In [1]:


# You can write up to 20GB to the current directory (/kaggle/working/) that gets preserved as output when you create a version using "Save & Run All" 
# You can also write temporary files to /kaggle/temp/, but they won't be saved outside of the current session

In [2]:
import numpy as np
import pandas as pd
import re
from nltk.corpus import stopwords

from tensorflow.keras.preprocessing.text import one_hot
from tensorflow.keras.preprocessing.text import Tokenizer
from tensorflow.keras.preprocessing.sequence import pad_sequences
from tensorflow.keras.models import Sequential
from tensorflow.keras.layers import Dense, Activation,Dropout
from tensorflow.keras.layers import Embedding,LSTM
from tensorflow.keras.layers import GlobalAveragePooling1D
from tensorflow.keras.layers import Flatten
from sklearn.model_selection import train_test_split

In [3]:
movie_reviews=pd.read_csv('../input/imdb-dataset-of-50k-movie-reviews/IMDB Dataset.csv')
print(movie_reviews.isnull().values.any())
movie_reviews.shape

In [4]:
movie_reviews['review'][4]

In [5]:
import seaborn as s
s.countplot(x='sentiment',data=movie_reviews)

In [6]:
def preprocessing_text(sen):
    sentence=remove_tags(sen)
    sentence=re.sub('[^a-zA-Z]',' ',sentence)

    sentence=re.sub(r'\s+[a-zA-Z]\s+',' ',sentence)

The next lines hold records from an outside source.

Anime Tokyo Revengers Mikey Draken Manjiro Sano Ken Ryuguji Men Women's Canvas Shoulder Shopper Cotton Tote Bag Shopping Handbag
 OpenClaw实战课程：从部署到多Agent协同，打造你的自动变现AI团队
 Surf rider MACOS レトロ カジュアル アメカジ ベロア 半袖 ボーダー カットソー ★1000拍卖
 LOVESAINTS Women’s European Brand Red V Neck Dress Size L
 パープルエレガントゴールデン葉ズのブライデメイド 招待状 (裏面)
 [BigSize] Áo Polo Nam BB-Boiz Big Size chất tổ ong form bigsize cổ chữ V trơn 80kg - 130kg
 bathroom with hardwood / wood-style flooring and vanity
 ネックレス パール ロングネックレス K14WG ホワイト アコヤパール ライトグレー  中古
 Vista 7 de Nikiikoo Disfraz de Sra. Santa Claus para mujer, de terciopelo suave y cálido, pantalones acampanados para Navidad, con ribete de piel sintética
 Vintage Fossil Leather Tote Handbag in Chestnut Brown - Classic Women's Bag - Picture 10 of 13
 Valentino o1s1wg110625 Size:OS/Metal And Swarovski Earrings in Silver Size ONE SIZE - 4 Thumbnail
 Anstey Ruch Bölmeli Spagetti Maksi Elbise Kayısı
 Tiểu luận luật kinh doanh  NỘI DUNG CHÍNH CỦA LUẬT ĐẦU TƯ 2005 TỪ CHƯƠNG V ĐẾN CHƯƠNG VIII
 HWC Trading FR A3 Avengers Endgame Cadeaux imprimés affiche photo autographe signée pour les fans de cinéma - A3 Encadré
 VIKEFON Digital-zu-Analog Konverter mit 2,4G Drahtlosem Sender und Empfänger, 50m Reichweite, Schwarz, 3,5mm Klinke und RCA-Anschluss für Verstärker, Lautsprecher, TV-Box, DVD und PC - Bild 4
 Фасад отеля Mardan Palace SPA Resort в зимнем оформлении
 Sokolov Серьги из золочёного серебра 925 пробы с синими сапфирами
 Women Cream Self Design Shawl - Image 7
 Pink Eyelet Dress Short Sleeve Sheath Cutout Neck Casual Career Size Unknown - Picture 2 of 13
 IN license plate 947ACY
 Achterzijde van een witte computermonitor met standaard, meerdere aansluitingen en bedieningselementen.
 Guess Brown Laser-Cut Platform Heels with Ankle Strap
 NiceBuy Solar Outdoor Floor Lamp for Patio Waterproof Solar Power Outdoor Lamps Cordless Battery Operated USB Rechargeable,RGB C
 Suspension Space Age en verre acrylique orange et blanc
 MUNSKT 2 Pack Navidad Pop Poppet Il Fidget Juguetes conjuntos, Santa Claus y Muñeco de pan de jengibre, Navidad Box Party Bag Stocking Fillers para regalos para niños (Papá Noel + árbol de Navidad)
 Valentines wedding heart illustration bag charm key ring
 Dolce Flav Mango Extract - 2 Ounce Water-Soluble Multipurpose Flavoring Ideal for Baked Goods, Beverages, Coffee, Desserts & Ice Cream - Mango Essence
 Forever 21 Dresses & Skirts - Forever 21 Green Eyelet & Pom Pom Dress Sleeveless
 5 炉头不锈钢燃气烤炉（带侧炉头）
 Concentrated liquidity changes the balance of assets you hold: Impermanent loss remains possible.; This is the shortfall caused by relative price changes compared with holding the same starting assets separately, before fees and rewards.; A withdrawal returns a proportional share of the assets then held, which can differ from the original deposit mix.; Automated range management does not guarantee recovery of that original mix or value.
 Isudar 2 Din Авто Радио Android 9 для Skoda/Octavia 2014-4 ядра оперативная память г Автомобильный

    sentence=re.sub(r'\s+',' ',sentence)
    return sentence

In [7]:
TAG_RE=re.compile(r'<[^>]+>')
def remove_tags(sen):
    return TAG_RE.sub(' ',sen)

In [8]:
review=[]
sentences=list(movie_reviews['review'])
for sen in sentences:
    review.append(preprocessing_text(sen))

In [9]:
review[4]

In [10]:
y=np.array([1 if x=='positive' else 0 for x in movie_reviews['sentiment']])

In [11]:
X_train,X_test,y_train,y_test=train_test_split(review,y,test_size=0.2,random_state=40)

In [12]:
tokenizer=Tokenizer(5000)
tokenizer.fit_on_texts(X_train)

X_train=tokenizer.texts_to_sequences(X_train)
X_test=tokenizer.texts_to_sequences(X_test)

In [13]:
vocab_size=len(tokenizer.word_index)+1
maxlen=100
X_train=pad_sequences(X_train,padding='post',maxlen=maxlen)
X_test=pad_sequences(X_test,padding='post',maxlen=maxlen)

In [14]:
embeddings_dict=dict()
glove=open('../input/glove6b100dtxt/glove.6B.100d.txt',encoding='utf8')
for line in glove:
    records=line.split()
    word=records[0]
    vector_dim=np.asarray(records[1:],dtype='float32')
    embeddings_dict[word]=vector_dim
glove.close()

In [15]:
embedding_matrix=np.zeros((vocab_size,100))
for word , index in tokenizer.word_index.items():
    embedding_vec=embeddings_dict.get(word)
    if embedding_vec is not None:
        embedding_matrix[index]=embedding_vec

In [16]:
model=Sequential([
    Embedding(vocab_size,100,weights=[embedding_matrix],input_length=maxlen,trainable=False),
    LSTM(128),
    Dense(1,activation='sigmoid')
])
model.summary()


In [19]:
model.compile(optimizer='adam',loss='binary_crossentropy',metrics=['acc'])

In [20]:
hist=model.fit(X_train,y_train,batch_size=64,epochs=10,validation_data=(X_test,y_test),verbose=1)

In [21]:
model.evaluate(X_test,y_test)

In [22]:
inst=review[60]
inst

In [23]:
inst=tokenizer.texts_to_sequences(inst)
flat_list=[]
for sublist in inst:
    for item in sublist:
        flat_list.append(item)
flat_list=[flat_list]
inst=pad_sequences(flat_list,padding='post',maxlen=maxlen)

In [27]:
print(f'real value: {y[60]}\n predicted value')
model.predict(inst)

In [25]:
import matplotlib.pyplot as plt
def plot_graphs(history,string):
    plt.plot(history.history[string])
    plt.plot(history.history['val_'+string])
    plt.xlabel('Epochs')
    plt.ylabel(string)
    plt.legend([string, 'val_'+string])
    plt.show()

In [28]:
plot_graphs(hist,'acc')
plot_graphs(hist,'loss')